Deux mastodontes publics CSSC et CSIC se cachent derrière les ambitions de la marine chinoise. Et comme cette dernière, ils sortent de plus en plus de leurs frontières.

Le porte-avions Liaoning arrive en baie de Hong Kong le 7 juin 2018.
Le porte-avions Liaoning arrive en baie de Hong Kong le 7 juin 2018. (ISD/NEWSCOM/SIPA)

Par Frédéric Schaeffer

Publié le 18 oct. 2018 à 15:12

Il est apparu en treillis, entouré des hauts gradés du régime. Le 12 avril, le président chinois Xi Jinping assiste aux plus grandes manoeuvres jamais organisées par la marine de l'Armée populaire de libération (APL). Avec le porte-avions Liaoning, des destroyers à missiles guidés, des frégates, des sous-marins…, une armada de 48 navires croise au large de l'île rebelle de Taiwan. Le message, largement relayé par les médias officiels, est limpide : la marine chinoise est de retour et constitue un pilier du « grand renouveau » de la nation. Il se concrétise ce week-end, alors que la marine chinoise entame des manoeuvres communes avec la Malaisie et la Thaïlande dans le détroit de Malacca.

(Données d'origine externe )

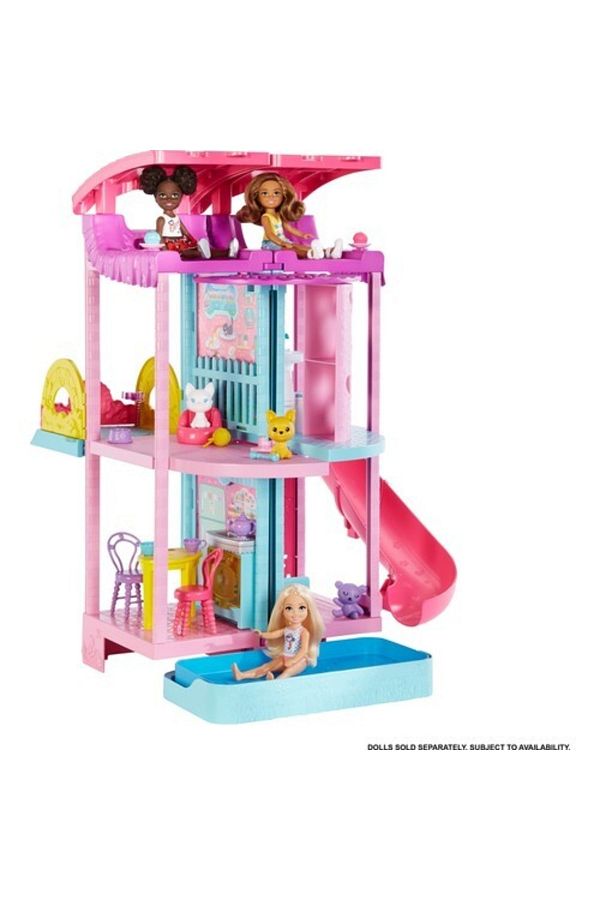 Barbie Chelsea Playhouse 50 Cm Slide Pool Ball Pit Puppy And Cat Elevator From 15 F Trendyol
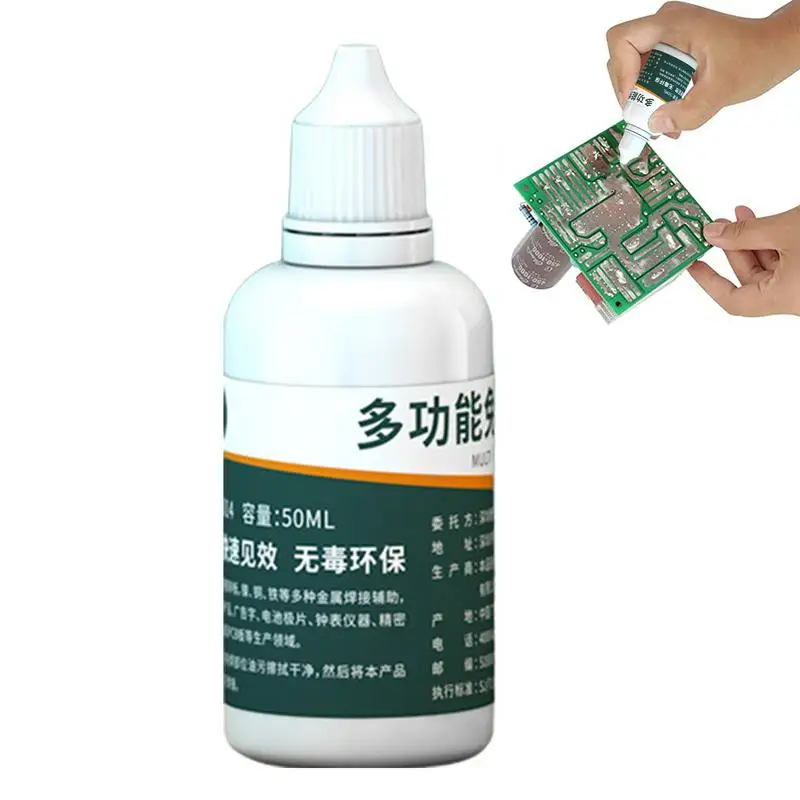 

Solder Flux Solder With Flux Liquid Rosin Stainless Steel Rosin Soldering Flux Paste For Lead-Free Electronics Soldering And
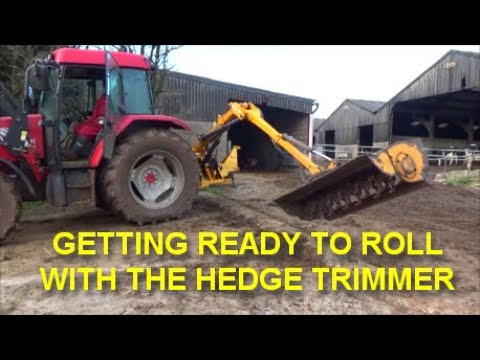 PREPARE TO RIDE WITH THE HEDGE TRIMMER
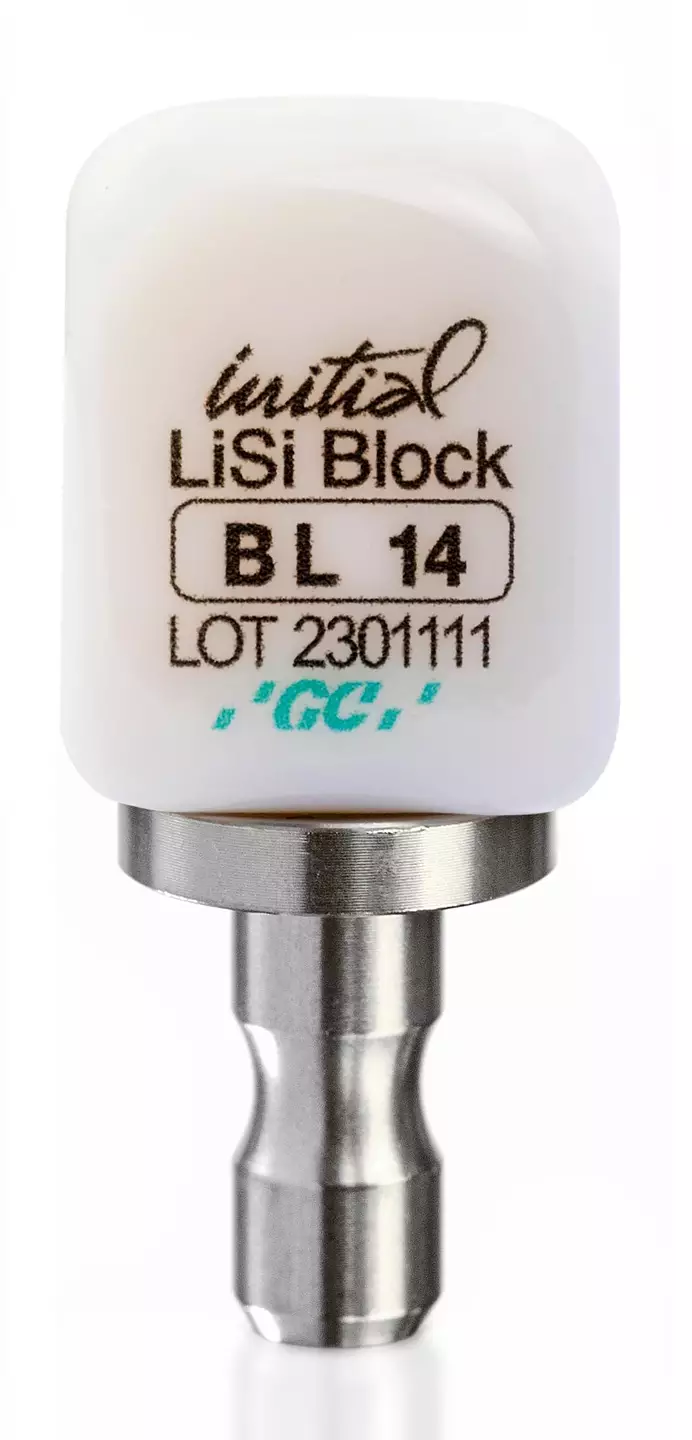 GC Initial LiSi Block, CEREC, Size 14, BL  LT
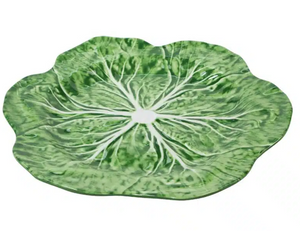 Melamine Cabbage Leaf Platter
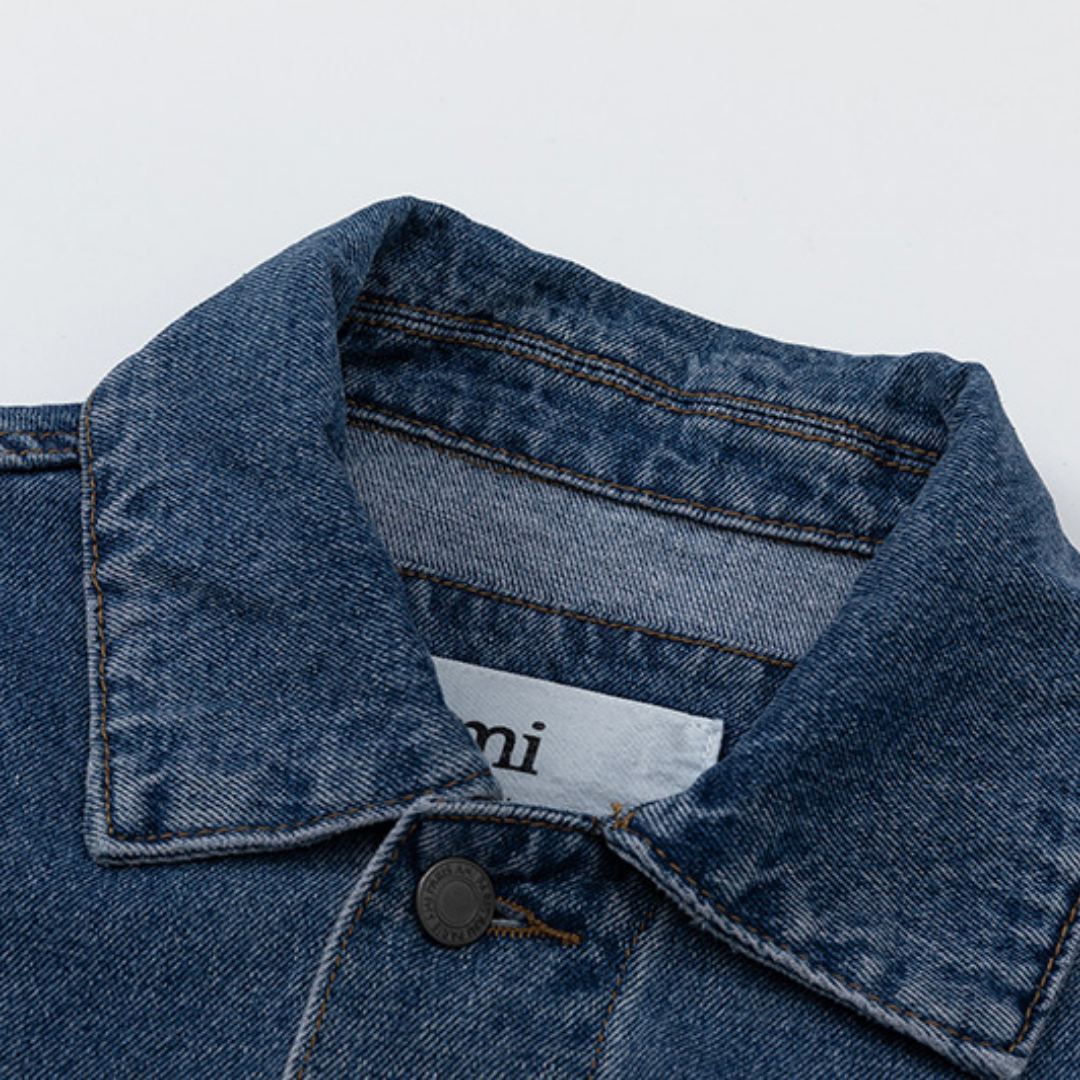 AMI Paris Premium Denim Jacke – Zeitloser Pariser Chic für Damen & Herren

Derrière cette ambition, toute une industrie est mobilisée. Et notamment les deux mastodontes publics CSSC (China State Shipbuilding Corporation) et CSIC (China Shipbuilding industry corporation). Ces derniers sont nés à l'été 1999, lorsque Pékin donne naissance aux dix groupes de défenses actuels, bâtis sur les cendres des anciens ministères de l'Industrie des machines. La recette est la même dans le naval que dans d'autres industries traditionnelles : en créant deux entités distinctes, Pékin cherche à accroître la concurrence pour gagner en efficacité.

Erreur de jugement

Avec un chiffre d'affaires combiné de 65 milliards d'euros en 2017, dont 18,5 milliards dans la construction navale civile et militaire, les deux conglomérats, incluent de multiples métiers (trading, réparation, constructions métalliques…), les chantiers de CSIC (au nord-est de la Chine) étant davantage tournés vers le naval de défense quand ceux de CSSC (au sud du pays) sont plus orientés vers les activités civiles. En une quinzaine d'années, les chantiers chinois ont connu une progression phénoménale, disputant la tête du classement mondial aux sud-coréens DaewooSamsung et HyundaiCSSC est désormais le deuxième plus grand chantier de construction navale civile au monde, derrière Hyundai.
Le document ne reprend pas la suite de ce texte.